The problem -> Produce a faithful copy of the data, one that leaves out the pictures.

Available data ->
=======
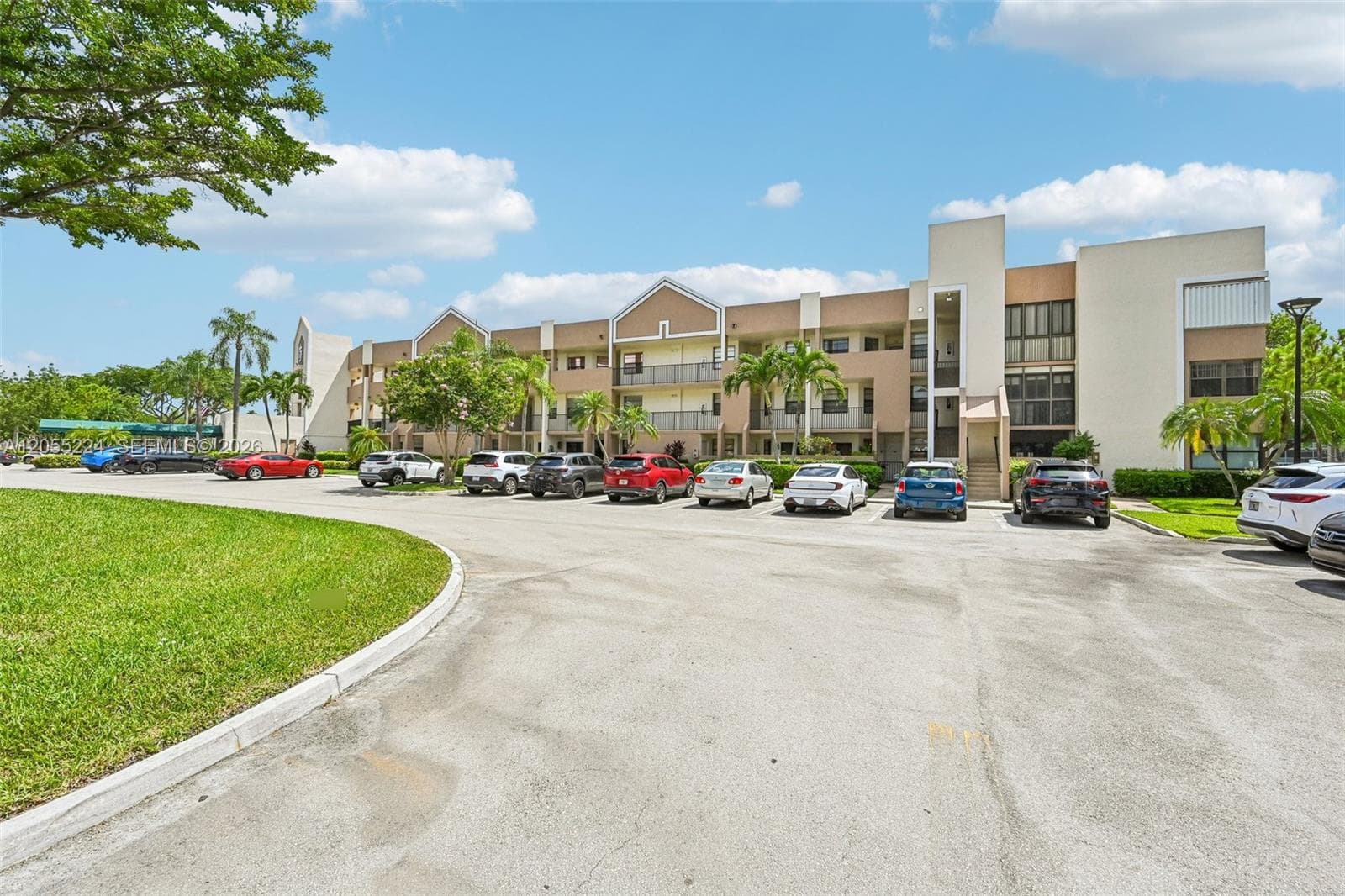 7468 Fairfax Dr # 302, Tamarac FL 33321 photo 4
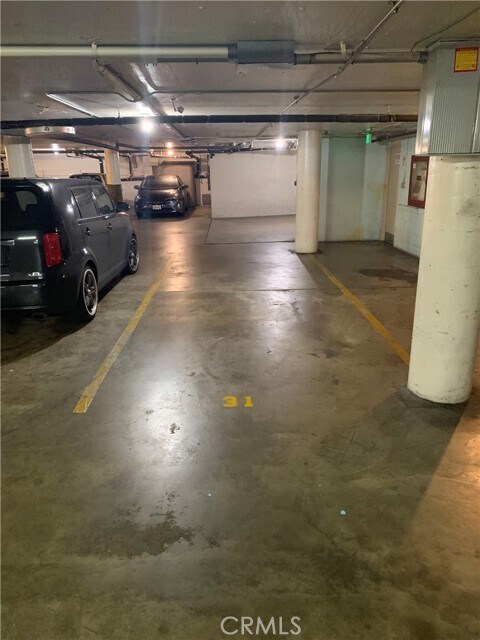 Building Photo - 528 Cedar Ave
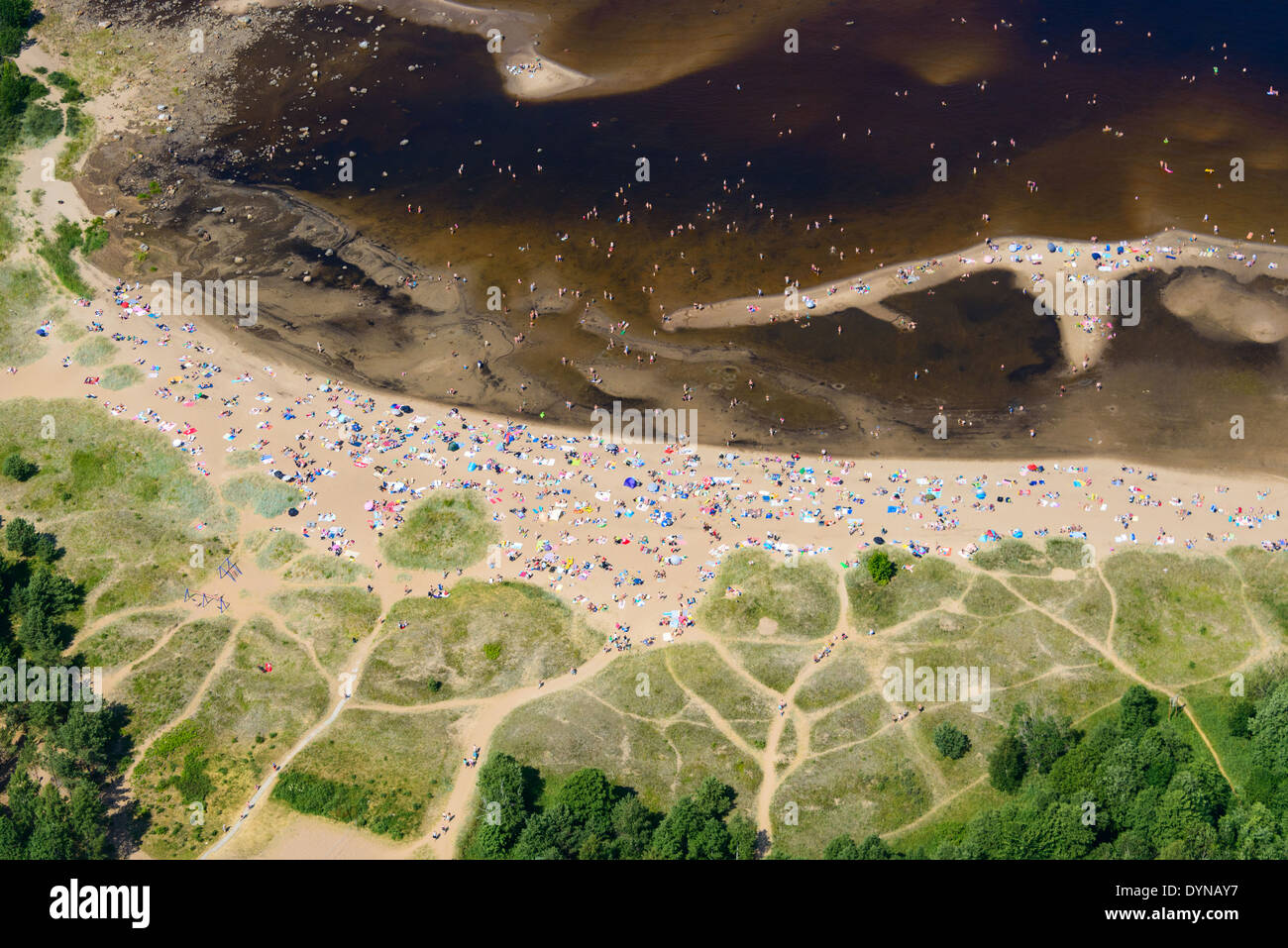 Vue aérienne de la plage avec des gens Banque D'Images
=======
Solution ->
 7468 Fairfax Dr # 302, Tamarac FL 33321 photo 4
 Building Photo - 528 Cedar Ave
 Vue aérienne de la plage avec des gens Banque D'Images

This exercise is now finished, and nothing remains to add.